Osmund thought of his father, King Valen Haldebard, dead on the floor of a palatial estate, poisoned wine pooled around his open mouth, his unseeing eyes wide in disbelief. “Dead,” Osmund said in a hollowed-out voice.
“Have you any family?”
“I’m the only one left.”
“I’m sorry,” Cemil said earnestly. There was another wooden groan as he shifted his weight in the little chair. “Your body was at its limit. You are… not enough fed. There are free kitchens and free baths in town, open to all. Have you not used them?”
“A little,” Osmund said, the shame burning. How could he admit that, as low as he was, he was still too proud to line up with the poorest and most destitute of the city?
No… proud wasn’t the right word. He’d imagined Father looming over his shoulder. Mocking him for his weakness, his dependence. And so Osmund had worked. Maybe the citizens of the empire deserved free services, but he was Tolmish, and the Tolmish believed in working for your bread. Or being born into the nobility, if you could manage it.
“If you don’t want a place with me,” Cemil began, “there is another Tolm man in town. He is very rich. I can send you to him. He might help you. His name is Pravin.”
“No!” Osmund cried.
He hadn’t meant to protest like that – loud, desperate, pleading. Cemil’s expression at once changed. “You know him.”
“I—” Oh, how could he explain?! “I went to him once before,” Osmund said in a small voice. “I… I don’t wish to go back. Please.”
Cemil nodded. His gaze was fixed directly on Osmund, and try as he might, the former prince of Valcrest couldn’t look away.
“If you take a position in my house,” Cemil began, stressing each word, “I promise none, including myself, shall lay a hand on you. Do your work, and you will always have food to eat and a place to sleep, and an income to live on and to spend as you wish. I swear it.”
Osmund’s every sense screamed at him to look away. That in spite of Cemil’s kind words, Osmund would bleed if he were foolish enough to believe him. That had been the way of things all his life: Kind words were a weapon meant to inflict greater suffering on him later.

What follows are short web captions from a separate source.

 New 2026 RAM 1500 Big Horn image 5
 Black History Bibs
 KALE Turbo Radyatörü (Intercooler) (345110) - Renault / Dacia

Yet, to his own surprise, something deep within himself fought back. He studied Şehzade Cemil, his steady gaze, his serious expression, and made his decision.
“I want to stay here with you,” Osmund professed. Any other option had vanished from his mind. Cemil nodded curtly, and stood. It felt like a spell being lifted, and Osmund was dizzy with it.
“I accept your decision,” Cemil said. “Welcome. Eat, and rest for the night. Tomorrow, when you’re ready, you may begin caring for Anaya and the other horses.” He paused at the door. “Shall I send someone to fetch the rest of your belongings?”
Osmund felt a dazed laugh emerge from his throat as he shook his head. “I have nothing to bring,” he said honestly. But before Cemil could go, he added in haste, “Th-thank you again for your… for your kindness. I… I hope not to disappoint you.”
Even if he were to somehow die tomorrow, Osmund decided it would be worth it, just for how good it felt to believe that such a man could look at him that way and mean it. Better than spending the rest of his life being raided by cats, anyway.
Cemil waved away his sentiments. “Look healthy next time I see you,” he said. Then, he was gone.
The silence that followed the closed door felt enormous as the weight of all that had happened settled in. Osmund supposed this humble room was meant for him. He sat on his bed and stared at his wall. This was a broom closet compared to his old room in the castle, but somehow he liked it better all the same.
Cemil had promised never to lay a hand on him.
I’d like it very much if he did, Osmund thought.